ハリス副大統領が当選したとしても、共和党が上院で多数党なら思うような政権をつくれない可能性が高い。というのも、民主党が全員賛同したとしても、少なくとも1名の共和党議員が承認しないとハリス副大統領が指名した政府高官は承認されない。そのため、共和党から数名が賛同するような政府高官を選ぶ必要があるので、極端な左派が選ばれることは難しいだろう。なので、ハリス副大統領が当選しても極端な左派政権になることは実現できないだろう。

これは、トランプ氏が当選した時も同様だ。トランプ氏に強く賛同している共和党議員は決して多くない。共和党議員の3分の2くらいは強い支持があるが、残り3分の1はそうとはいえない。

さらに、少なくとも共和党上院議員7名はトランプ氏を支持すると発言していない※5)。はっきりとトランプ氏に投票しないと宣言したマカウスキ上院議員などもいれば、回答を避けている上院議員もいる。

たとえトランプ氏が当選したとしても、トランプ氏の思い通りに政権幹部が就任できるとは思いがたいのだ。

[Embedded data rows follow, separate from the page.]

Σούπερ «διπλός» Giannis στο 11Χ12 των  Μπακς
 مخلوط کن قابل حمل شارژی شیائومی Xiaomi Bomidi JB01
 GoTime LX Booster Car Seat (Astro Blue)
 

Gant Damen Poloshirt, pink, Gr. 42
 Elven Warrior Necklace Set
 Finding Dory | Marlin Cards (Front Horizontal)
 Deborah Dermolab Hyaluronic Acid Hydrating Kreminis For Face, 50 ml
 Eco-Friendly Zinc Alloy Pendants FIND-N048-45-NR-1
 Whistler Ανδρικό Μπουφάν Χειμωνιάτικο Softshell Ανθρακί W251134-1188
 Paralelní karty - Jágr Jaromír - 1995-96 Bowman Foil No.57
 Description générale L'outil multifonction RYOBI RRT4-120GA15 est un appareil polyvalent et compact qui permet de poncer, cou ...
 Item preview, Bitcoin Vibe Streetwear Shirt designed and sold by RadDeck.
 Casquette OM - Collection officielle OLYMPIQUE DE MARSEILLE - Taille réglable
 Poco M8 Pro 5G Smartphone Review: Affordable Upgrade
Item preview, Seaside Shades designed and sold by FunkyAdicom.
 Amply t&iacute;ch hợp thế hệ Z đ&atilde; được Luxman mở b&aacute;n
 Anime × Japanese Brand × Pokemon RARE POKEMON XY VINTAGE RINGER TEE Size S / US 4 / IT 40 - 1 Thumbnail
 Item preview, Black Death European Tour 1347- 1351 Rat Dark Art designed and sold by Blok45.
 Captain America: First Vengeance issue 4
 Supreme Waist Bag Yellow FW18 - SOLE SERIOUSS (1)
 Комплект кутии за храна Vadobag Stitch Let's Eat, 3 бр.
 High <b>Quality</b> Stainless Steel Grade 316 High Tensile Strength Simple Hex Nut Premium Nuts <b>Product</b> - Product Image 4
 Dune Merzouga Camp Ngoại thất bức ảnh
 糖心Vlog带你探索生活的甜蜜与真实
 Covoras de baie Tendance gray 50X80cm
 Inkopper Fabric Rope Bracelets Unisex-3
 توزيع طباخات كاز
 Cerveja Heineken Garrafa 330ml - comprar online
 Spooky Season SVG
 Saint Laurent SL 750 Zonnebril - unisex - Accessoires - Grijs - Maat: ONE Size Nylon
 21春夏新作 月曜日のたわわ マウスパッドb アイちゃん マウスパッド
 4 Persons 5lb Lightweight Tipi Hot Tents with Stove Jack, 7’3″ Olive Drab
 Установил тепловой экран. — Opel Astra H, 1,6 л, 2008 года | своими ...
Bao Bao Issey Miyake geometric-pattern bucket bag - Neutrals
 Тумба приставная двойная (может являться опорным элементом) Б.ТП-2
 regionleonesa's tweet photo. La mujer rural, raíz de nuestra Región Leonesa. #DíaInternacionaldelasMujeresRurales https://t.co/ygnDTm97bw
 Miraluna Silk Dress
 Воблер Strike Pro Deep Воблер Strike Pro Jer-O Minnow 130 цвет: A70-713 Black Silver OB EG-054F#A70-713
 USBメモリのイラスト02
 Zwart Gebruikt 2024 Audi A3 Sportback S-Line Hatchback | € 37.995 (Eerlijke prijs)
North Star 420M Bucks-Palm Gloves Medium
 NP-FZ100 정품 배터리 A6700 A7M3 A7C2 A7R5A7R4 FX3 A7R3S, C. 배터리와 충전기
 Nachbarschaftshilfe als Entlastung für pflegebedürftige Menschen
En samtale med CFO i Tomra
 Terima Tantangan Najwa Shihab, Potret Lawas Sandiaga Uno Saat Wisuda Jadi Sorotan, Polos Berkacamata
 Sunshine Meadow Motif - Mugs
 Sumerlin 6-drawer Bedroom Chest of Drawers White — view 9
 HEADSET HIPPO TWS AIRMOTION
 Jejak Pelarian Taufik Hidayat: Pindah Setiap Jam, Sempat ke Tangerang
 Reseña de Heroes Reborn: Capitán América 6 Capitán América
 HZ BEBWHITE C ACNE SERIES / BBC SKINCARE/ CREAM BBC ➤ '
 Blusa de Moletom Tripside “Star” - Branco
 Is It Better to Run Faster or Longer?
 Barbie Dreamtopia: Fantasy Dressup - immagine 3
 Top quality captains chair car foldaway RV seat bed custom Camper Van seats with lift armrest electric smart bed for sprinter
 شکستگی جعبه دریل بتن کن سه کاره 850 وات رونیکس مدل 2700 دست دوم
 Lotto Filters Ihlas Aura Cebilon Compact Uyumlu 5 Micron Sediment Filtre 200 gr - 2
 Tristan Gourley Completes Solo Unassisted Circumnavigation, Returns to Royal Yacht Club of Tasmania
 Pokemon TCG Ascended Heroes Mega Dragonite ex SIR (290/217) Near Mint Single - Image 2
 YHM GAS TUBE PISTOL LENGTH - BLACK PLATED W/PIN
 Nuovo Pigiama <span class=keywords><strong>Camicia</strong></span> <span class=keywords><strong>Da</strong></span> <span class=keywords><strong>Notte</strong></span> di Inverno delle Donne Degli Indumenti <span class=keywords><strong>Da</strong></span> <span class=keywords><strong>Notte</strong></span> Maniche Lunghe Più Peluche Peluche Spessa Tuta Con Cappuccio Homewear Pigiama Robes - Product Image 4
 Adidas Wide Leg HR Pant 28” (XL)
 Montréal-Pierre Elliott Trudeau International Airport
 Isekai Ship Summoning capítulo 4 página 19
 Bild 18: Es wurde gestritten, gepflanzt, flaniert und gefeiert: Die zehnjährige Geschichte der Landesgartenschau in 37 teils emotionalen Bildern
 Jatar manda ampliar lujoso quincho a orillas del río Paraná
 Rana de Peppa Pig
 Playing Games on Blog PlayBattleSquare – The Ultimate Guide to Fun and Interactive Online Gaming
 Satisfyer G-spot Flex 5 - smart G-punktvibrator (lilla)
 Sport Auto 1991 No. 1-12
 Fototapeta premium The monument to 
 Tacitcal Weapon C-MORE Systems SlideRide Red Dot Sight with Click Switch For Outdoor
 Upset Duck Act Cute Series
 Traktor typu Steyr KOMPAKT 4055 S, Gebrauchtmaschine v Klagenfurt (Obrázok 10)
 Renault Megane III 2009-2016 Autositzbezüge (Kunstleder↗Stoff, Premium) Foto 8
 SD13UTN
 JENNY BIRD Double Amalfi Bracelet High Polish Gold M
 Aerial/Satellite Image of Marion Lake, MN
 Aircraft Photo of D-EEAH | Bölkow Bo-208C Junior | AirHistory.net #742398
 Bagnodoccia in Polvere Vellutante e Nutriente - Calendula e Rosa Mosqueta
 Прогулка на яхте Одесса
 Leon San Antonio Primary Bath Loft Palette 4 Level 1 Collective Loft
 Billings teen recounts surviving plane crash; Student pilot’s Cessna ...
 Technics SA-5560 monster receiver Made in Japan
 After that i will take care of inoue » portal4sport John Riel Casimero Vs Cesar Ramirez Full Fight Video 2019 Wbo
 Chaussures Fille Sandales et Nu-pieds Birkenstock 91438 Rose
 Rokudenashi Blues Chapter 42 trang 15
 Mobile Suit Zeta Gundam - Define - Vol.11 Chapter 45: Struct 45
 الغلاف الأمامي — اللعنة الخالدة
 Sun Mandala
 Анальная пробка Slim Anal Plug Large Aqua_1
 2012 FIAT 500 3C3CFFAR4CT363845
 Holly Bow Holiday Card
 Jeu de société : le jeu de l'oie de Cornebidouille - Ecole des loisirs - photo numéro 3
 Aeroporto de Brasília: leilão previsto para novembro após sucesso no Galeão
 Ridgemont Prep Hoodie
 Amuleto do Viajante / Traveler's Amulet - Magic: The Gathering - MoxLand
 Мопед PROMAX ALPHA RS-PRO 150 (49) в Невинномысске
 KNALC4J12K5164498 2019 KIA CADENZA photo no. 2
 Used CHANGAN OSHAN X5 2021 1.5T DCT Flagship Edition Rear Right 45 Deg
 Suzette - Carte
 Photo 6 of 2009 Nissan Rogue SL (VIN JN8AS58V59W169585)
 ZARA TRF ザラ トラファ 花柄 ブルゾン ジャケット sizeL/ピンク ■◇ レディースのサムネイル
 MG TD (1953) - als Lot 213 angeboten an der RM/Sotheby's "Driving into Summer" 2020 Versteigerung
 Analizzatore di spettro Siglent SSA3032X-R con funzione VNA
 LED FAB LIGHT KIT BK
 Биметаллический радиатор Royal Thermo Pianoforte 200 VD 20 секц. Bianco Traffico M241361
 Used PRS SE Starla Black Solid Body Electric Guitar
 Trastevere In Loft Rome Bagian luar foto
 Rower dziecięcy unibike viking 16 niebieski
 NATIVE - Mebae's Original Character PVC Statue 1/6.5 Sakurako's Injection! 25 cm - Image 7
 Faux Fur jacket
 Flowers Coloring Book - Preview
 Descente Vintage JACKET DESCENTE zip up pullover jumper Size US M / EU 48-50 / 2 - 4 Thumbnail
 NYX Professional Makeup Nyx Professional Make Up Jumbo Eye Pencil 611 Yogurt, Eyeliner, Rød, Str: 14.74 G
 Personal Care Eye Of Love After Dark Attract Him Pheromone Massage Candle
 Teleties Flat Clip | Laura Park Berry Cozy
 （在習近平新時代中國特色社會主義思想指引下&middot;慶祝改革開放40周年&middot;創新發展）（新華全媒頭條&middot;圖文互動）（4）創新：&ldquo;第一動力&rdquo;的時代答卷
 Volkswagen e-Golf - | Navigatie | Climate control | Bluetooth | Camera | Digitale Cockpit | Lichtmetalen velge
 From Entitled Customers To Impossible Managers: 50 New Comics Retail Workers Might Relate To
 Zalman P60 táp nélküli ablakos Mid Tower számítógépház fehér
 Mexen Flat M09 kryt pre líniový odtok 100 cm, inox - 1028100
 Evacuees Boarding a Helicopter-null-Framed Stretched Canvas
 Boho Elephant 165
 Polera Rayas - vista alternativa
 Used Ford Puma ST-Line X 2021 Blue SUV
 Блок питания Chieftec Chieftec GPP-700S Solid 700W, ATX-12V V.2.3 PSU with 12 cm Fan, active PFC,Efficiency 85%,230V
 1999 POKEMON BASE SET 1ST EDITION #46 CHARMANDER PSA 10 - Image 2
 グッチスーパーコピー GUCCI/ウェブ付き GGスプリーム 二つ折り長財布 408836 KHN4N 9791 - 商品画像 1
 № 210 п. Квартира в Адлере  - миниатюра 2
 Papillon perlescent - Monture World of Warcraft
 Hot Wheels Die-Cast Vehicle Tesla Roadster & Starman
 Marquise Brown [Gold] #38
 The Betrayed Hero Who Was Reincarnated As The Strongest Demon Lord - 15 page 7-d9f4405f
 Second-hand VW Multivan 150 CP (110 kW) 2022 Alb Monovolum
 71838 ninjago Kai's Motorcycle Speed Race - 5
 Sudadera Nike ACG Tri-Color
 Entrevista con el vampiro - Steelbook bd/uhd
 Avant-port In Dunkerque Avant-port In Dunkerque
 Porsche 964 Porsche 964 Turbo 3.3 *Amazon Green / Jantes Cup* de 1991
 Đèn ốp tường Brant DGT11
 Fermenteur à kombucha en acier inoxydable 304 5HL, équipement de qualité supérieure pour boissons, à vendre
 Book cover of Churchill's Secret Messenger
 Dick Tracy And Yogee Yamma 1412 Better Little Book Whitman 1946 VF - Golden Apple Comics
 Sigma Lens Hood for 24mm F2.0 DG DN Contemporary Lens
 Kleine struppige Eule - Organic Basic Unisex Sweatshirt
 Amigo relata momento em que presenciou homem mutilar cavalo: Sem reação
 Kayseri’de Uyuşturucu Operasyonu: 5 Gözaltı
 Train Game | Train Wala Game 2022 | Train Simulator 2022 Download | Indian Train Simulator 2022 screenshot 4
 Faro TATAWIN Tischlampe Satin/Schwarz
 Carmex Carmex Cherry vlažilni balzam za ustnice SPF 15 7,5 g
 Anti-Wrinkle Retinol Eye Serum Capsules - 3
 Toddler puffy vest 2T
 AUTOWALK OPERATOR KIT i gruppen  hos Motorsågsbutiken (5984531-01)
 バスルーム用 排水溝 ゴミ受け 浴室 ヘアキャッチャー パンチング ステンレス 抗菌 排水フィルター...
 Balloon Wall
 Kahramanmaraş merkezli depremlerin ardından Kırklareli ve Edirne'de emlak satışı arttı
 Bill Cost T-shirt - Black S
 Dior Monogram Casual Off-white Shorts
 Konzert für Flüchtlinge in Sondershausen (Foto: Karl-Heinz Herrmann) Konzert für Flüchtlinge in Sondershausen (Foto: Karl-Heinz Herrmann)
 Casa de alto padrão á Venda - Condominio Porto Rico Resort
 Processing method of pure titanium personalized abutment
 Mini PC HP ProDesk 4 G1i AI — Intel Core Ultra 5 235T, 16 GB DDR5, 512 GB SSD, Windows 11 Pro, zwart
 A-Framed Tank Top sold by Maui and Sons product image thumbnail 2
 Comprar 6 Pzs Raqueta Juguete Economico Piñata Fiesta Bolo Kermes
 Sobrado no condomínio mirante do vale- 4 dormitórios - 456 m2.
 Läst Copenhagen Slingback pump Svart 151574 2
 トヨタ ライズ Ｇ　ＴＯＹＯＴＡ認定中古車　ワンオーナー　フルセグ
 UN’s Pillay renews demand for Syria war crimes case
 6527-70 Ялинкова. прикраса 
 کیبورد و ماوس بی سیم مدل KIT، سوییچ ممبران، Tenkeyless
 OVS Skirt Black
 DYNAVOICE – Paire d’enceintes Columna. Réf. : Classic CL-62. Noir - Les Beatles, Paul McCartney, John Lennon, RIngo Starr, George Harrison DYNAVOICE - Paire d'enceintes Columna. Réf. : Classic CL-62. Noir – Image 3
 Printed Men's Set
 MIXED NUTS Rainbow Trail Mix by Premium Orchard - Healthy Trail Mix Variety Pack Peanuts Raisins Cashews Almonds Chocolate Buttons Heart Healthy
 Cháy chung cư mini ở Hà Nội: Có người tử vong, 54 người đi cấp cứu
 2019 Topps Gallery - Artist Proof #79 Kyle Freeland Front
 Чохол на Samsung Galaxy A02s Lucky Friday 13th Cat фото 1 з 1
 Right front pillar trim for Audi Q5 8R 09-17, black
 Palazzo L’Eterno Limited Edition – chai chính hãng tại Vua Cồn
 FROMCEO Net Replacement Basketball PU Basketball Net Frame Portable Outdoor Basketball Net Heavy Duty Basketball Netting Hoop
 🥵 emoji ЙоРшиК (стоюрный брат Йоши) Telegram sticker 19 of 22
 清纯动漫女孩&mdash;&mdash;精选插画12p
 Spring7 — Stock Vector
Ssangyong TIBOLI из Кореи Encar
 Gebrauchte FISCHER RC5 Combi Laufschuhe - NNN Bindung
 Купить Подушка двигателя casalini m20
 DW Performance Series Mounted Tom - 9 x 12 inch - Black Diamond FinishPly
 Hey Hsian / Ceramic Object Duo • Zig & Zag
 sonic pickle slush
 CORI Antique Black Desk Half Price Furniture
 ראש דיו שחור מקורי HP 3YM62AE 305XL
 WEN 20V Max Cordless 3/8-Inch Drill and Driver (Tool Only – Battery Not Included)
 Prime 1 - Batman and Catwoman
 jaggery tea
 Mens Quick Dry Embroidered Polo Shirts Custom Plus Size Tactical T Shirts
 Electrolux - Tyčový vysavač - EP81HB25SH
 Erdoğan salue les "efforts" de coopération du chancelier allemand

なお、共和党の上院院内総務を長く務めてきたマコネル上院院内総務は年内でトップから退く。候補者の中で、最もトランプ寄りのバラッソ上院議員(WY州選出)が上院議員の党内選挙で選ばれるか、マコネル上院院内総務の側近を長く務めているスーン議員が選ばれるかで状況も変わってくるだろう。この党内選挙は総選挙後に非公開で行われる。

下院も共和党が勝利する可能性が高い

基本的に下院選挙区は、選挙区割りでどちらの党が勝つか決まる。選挙区割りについては、詳しくは過去に書いたブログ(2024.4.1 選挙区割りを巡る法廷闘争は一区切り)をご覧ください。

共和党は選挙区割りによってほぼ勝利が確定している”Solid Republican”で182議席を獲得できる見込みであり、Likely, Lean, or Tilt Republicanまでいれると206議席の確保できているといっていい。一方で、民主党は203議席しか確保がみえておらず、この時点で共和党が有利だ。